En ceci, nul écrivain ancien ou moderne n’approche de lui ; pour simplifier et vulgariser, il n’a pas son égal au monde. Sans sortir du ton de la conversation ordinaire et comme en se jouant, il met en petites phrases portatives les plus grandes découvertes ce les plus grandes hypothèses de l’esprit humain, les théories de Descartes, Malebranche, Leibnitz, Locke et Newton, les diverses religions de l’antiquité et des temps modernes, tous les systèmes connus de physique, de physiologie, de géologie, de morale, de droit naturel, d’économie politique ; bref, en tout ordre de connaissances, toutes les conceptions d’ensemble que l’espèce humaine au xviiie siècle avait atteintes.

Sa pente est si forte de ce côté qu’elle l’entraîne trop loin ; il rapetisse les grandes choses à force de les rendre accessibles. On ne peut mettre ainsi en menue monnaie courante la religion la légende, l’antique poésie populaire, les créations spontanées de l’instinct, les demi- visions des âges primitifs ; elles ne sont pas des sujets de conversation amusante et vive, un mot piquant ne peut pas en être l’expression ; il n’en est que la parodie. Mais quel attrait pour des Français, pour des gens du monde, et quel lecteur s’abstiendra d’un livre où tout le savoir humain est rassemblé en mots piquants ? Car c’est bien tout le savoir humain, et je ne vois pas quelle idée importante manquerait à un homme qui aurait pour bréviaire les Dialogues, le Dictionnaire et les Romans. Relisez-les cinq ou six fois, et alors seulement vous vous rendrez compte de tout ce qu’ils contiennent.

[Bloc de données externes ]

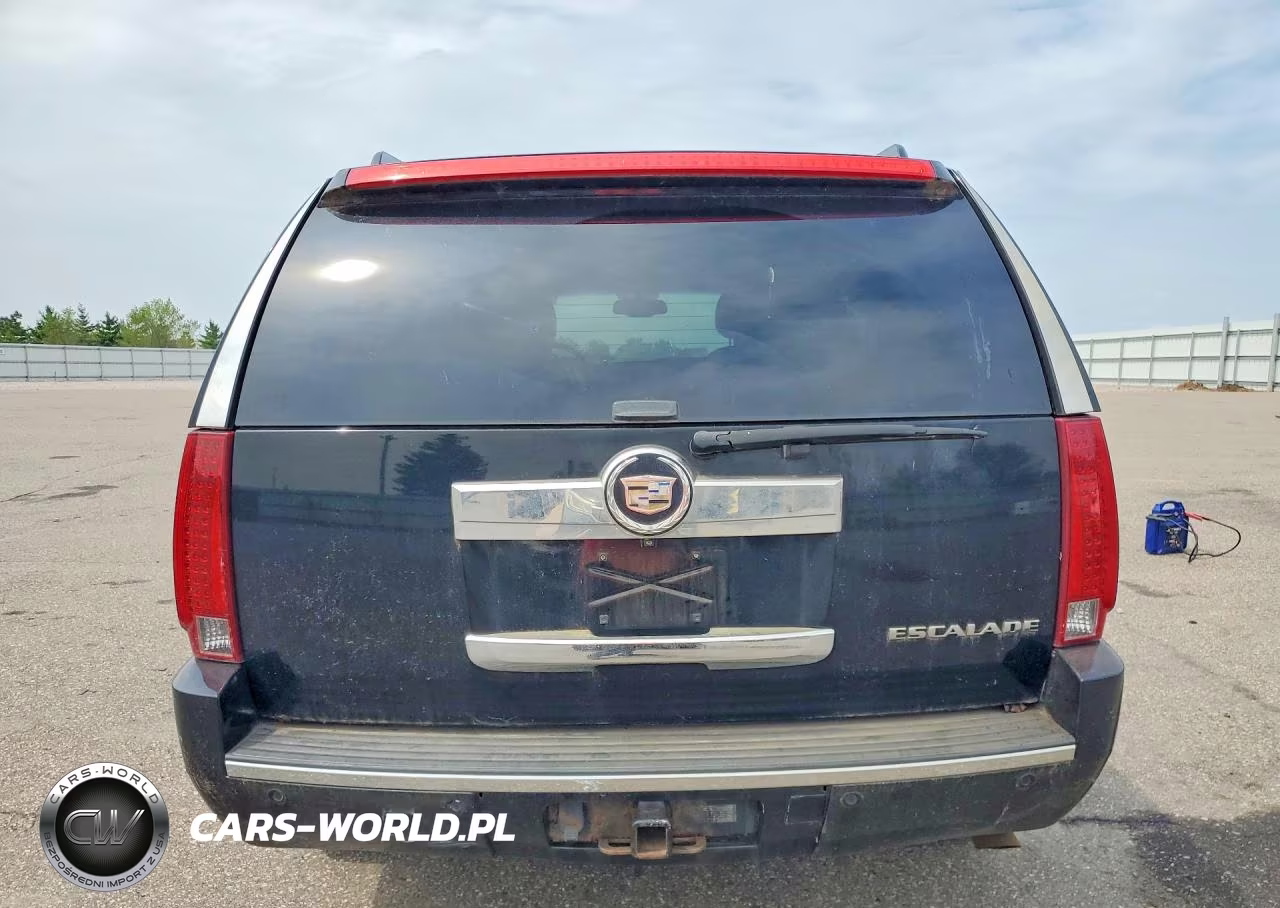 2010 Cadillac Escalade VIN:1GYUKCEF6AR167447 - 6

Non-seulement les vues sur le monde et sur l’homme, les idées générales de toute espèce y abondent, mais encore les renseignements positifs et même techniques y fourmillent ; petits faits semés par milliers, détails multipliés et précis sur l’astronomie, la physique, la géographie, la physiologie, la statistique, l’histoire de tous les peuples, expériences innombrables et personnelles d’un homme qui, par lui-même, a lu des textes, manié les instruments, visité les pays, touché les industries, pratiqué les hommes, et qui, par la netteté de sa merveilleuse mémoire, par la vivacité de son imagination toujours flambante, revoit ou voit, comme avec les yeux de la tête, tout ce qu’il dit, à mesure qu’il le dit.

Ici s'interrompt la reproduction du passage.